● Brief
Your answer should repeat exactly the lines from the one holding "22'' Three Light" through the end of the data, and it should contain no pictures.

● Data shown
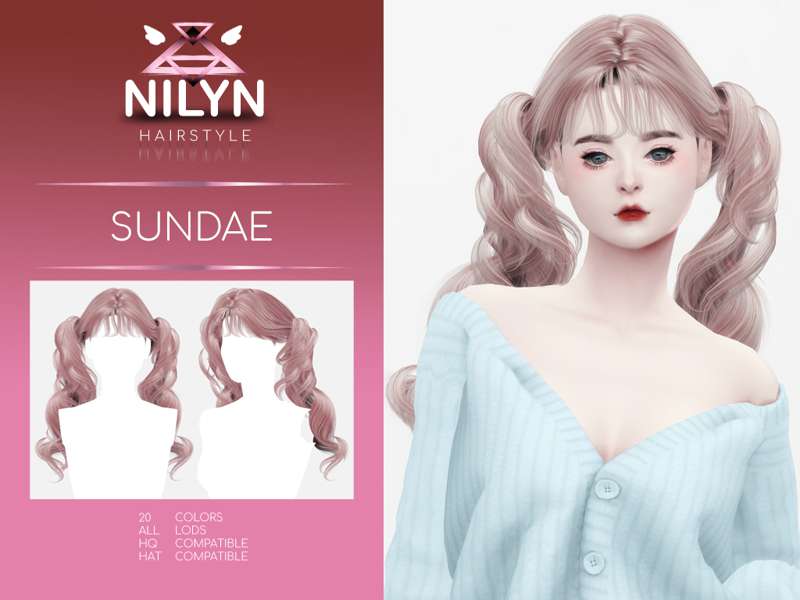 Sundae Hair 💓 New Mesh Fixed By Nilynsims From Patreon Kemono 1230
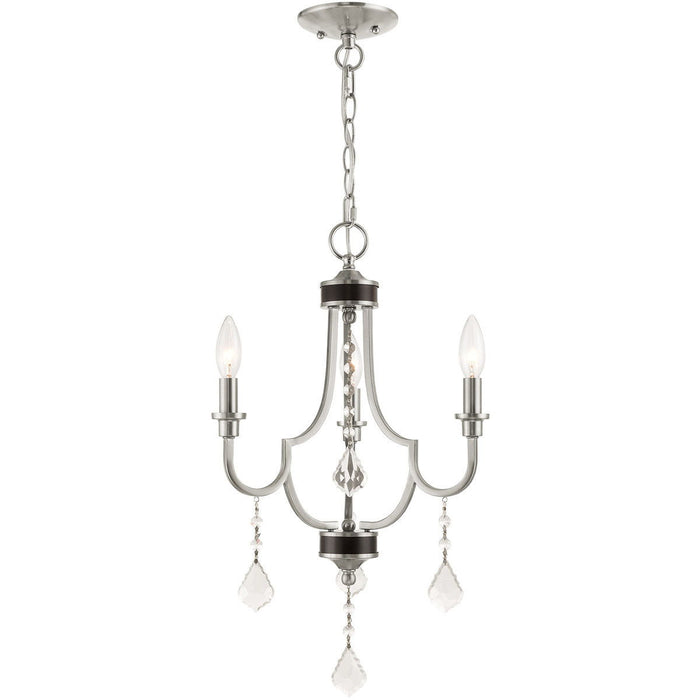 22'' Three Light Dimmable Chandelier With Shades - Nickel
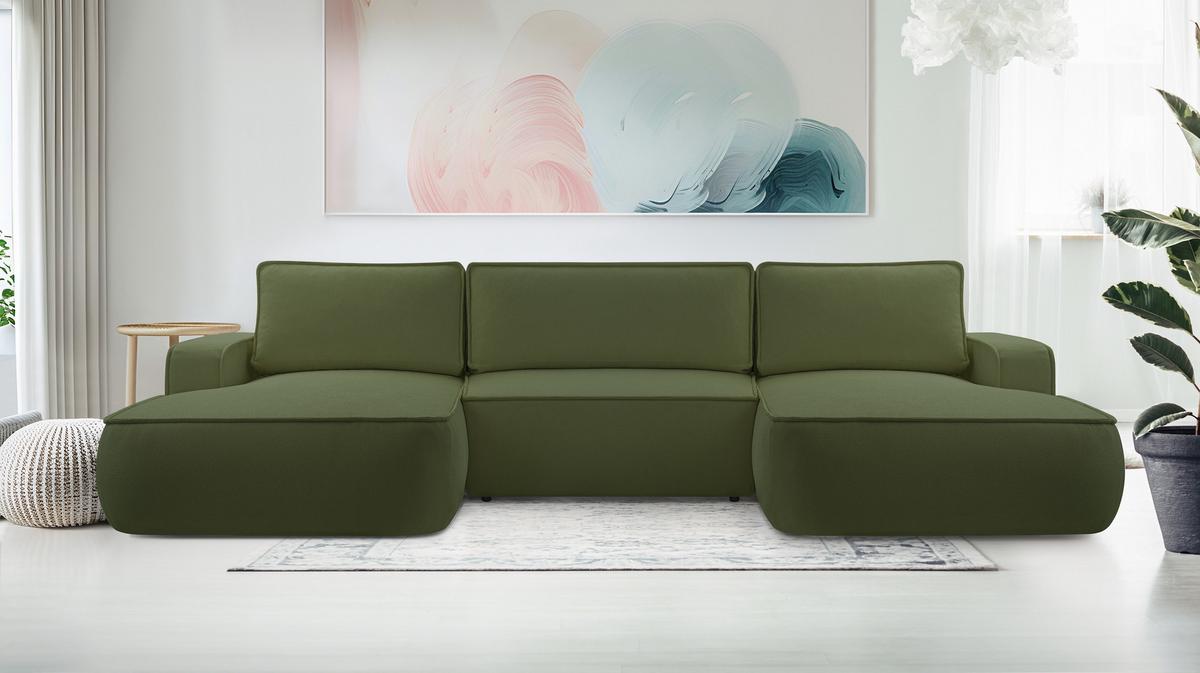 WOHNLANDSCHAFT Ablia Dunkelgrün 364/168/87 cm mit Schlaffunktion - Schwarz/Grün, Kunststoff/Textil (364/87/168cm) - AX Living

● Result of the exercise
 22'' Three Light Dimmable Chandelier With Shades - Nickel
 WOHNLANDSCHAFT Ablia Dunkelgrün 364/168/87 cm mit Schlaffunktion - Schwarz/Grün, Kunststoff/Textil (364/87/168cm) - AX Living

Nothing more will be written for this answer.